• [RECORDS PROVIDED]
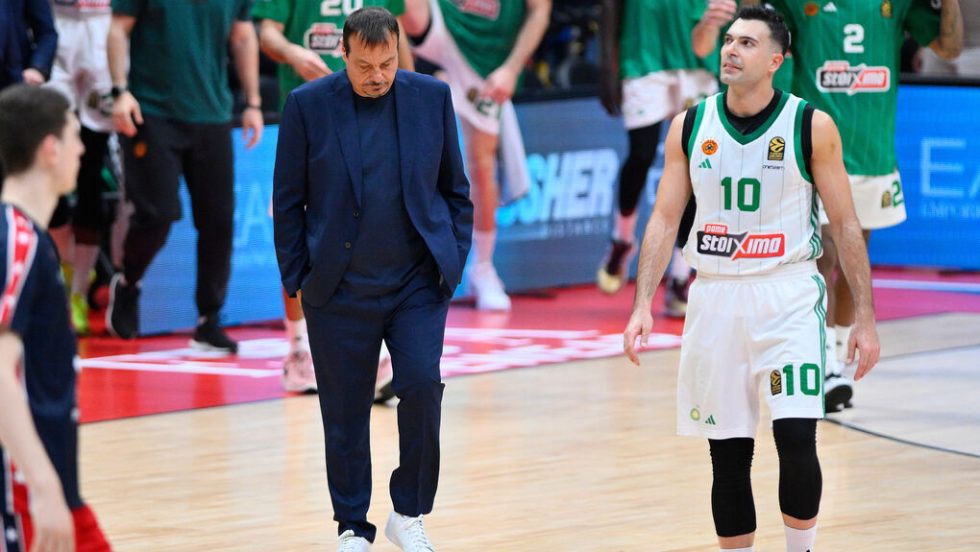pao-basket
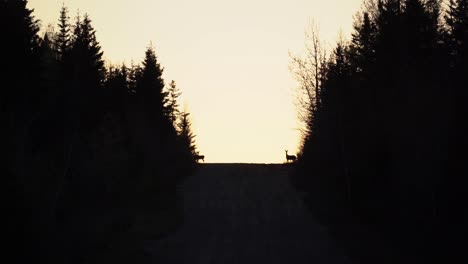 silhouette of a forest with some animals in the distance with an orange sky behind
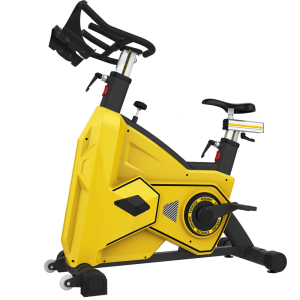 扬子(YANGZI)动感单车健身脚踏车YZ-D001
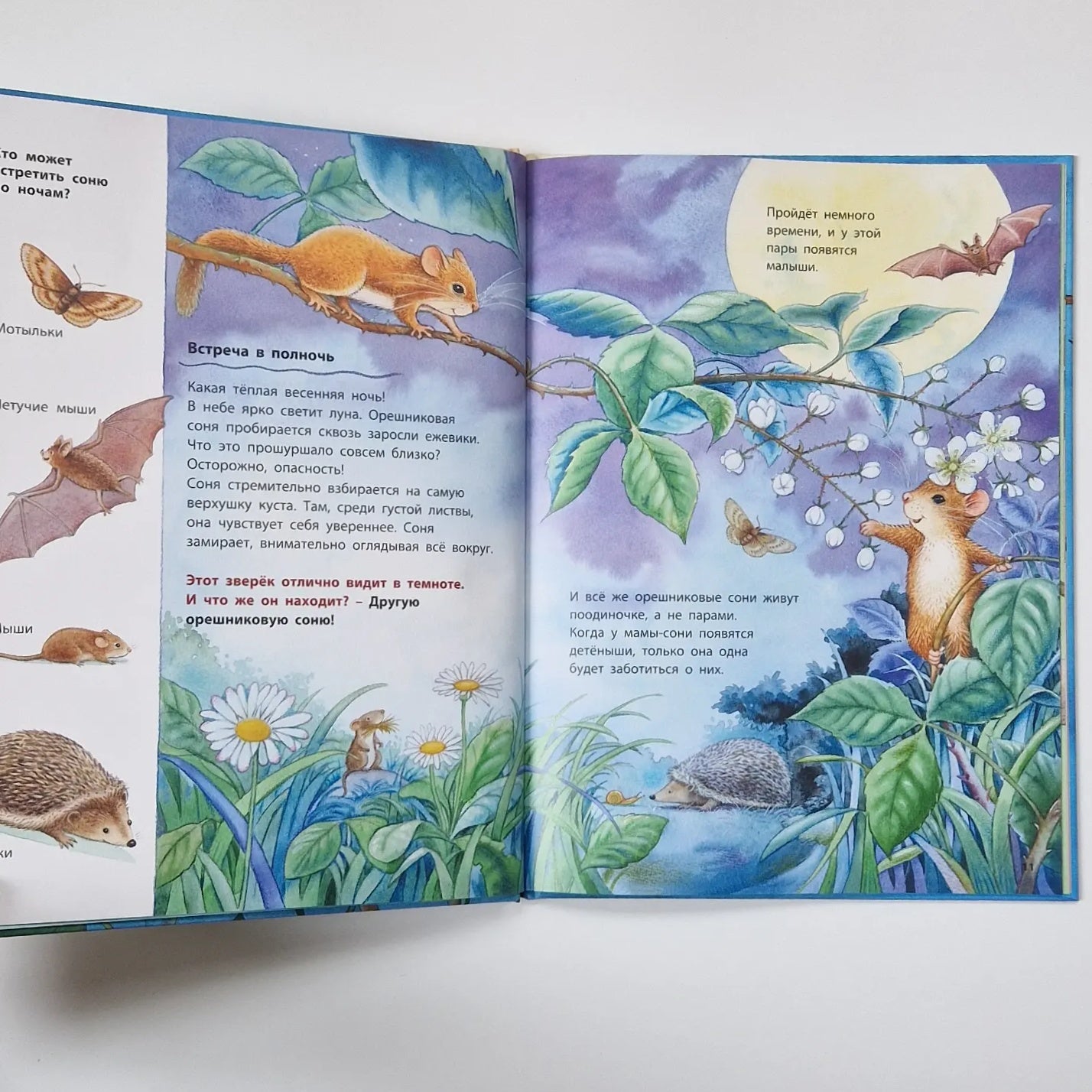 Кто такая орешниковая соня? Познавательные истории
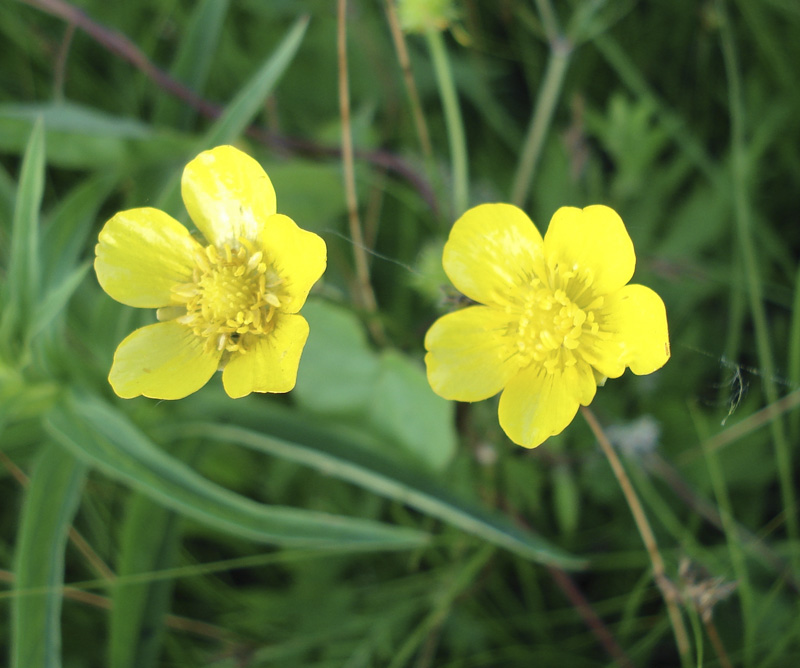 Изображение особи Ranunculus acris.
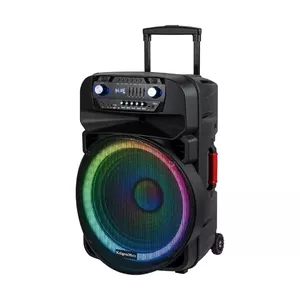 Active Speaker Cabinet KM1718 60 Watt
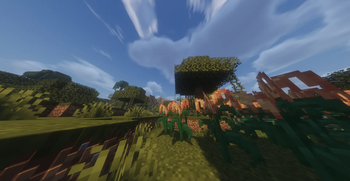 Rice swaying peacefully in a swamp!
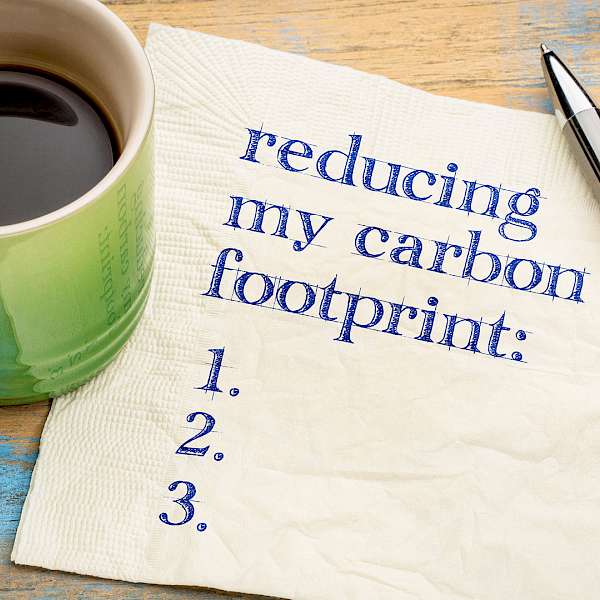 The Inequality Of Carbon Emissions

• [TASK DETAILS] Your answer must be exactly the lines from the one with "扬子(YANGZI)动感单车健身脚踏车YZ-D001" through the last line of the entries, both included, with no pictures; please add nothing else.

• [SOLUTION TO THE EXERCISE]
 扬子(YANGZI)动感单车健身脚踏车YZ-D001
 Кто такая орешниковая соня? Познавательные истории
 Изображение особи Ranunculus acris.
 Active Speaker Cabinet KM1718 60 Watt
 Rice swaying peacefully in a swamp!
 The Inequality Of Carbon Emissions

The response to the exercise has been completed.